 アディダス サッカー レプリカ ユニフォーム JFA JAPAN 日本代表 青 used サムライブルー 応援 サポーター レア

• • • • •

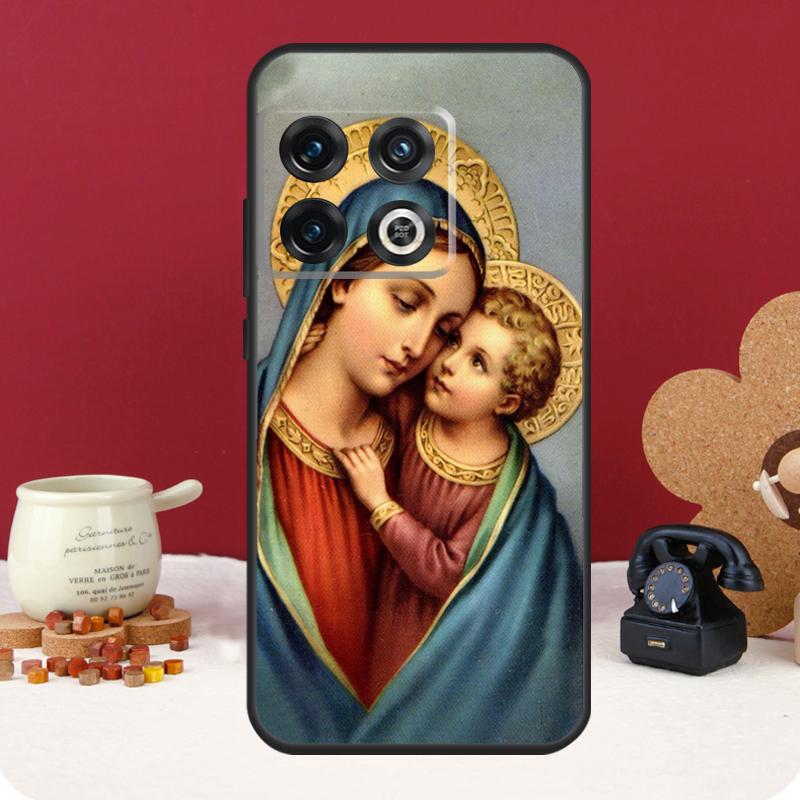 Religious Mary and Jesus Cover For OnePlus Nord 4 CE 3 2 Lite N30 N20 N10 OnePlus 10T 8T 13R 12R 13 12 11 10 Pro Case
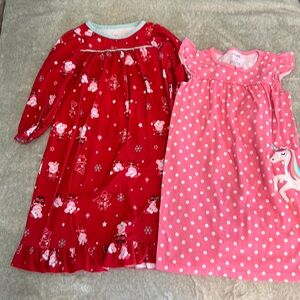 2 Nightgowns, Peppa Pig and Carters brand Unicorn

• • • • •

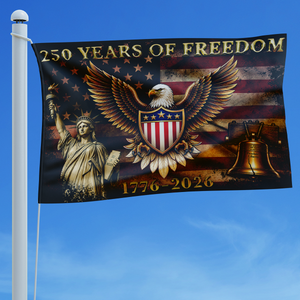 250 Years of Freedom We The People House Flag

• • • • •

# Exercise goal:
Write out word for word the lines above that run from the one with "Religious Mary and" to the one with "2 Nightgowns, Peppa". Include both end lines; exclude the images.

# Answer for this exercise:
 Religious Mary and Jesus Cover For OnePlus Nord 4 CE 3 2 Lite N30 N20 N10 OnePlus 10T 8T 13R 12R 13 12 11 10 Pro Case
 2 Nightgowns, Peppa Pig and Carters brand Unicorn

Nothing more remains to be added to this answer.